| RECORDS FOR THIS EXERCISE |

####

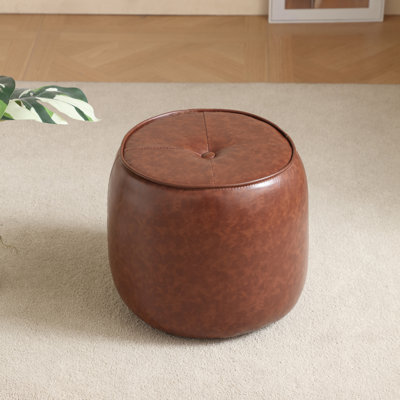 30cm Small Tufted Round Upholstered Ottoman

####

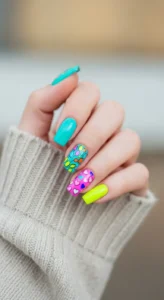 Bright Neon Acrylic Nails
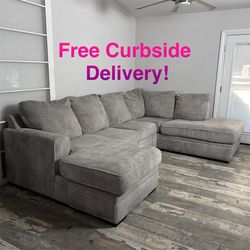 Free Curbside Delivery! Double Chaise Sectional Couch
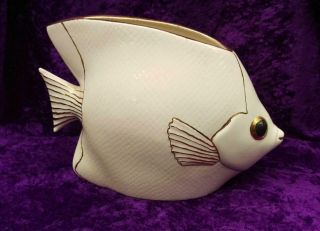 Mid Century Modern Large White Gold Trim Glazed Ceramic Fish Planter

####

| THE TASK |
In the entries above, find the line with "Free Curbside Delivery!" and the line with "Mid Century Modern". Write out exactly those two lines and every line between them, pictures excluded.

| EXERCISE OUTPUT |
 Free Curbside Delivery! Double Chaise Sectional Couch
 Mid Century Modern Large White Gold Trim Glazed Ceramic Fish Planter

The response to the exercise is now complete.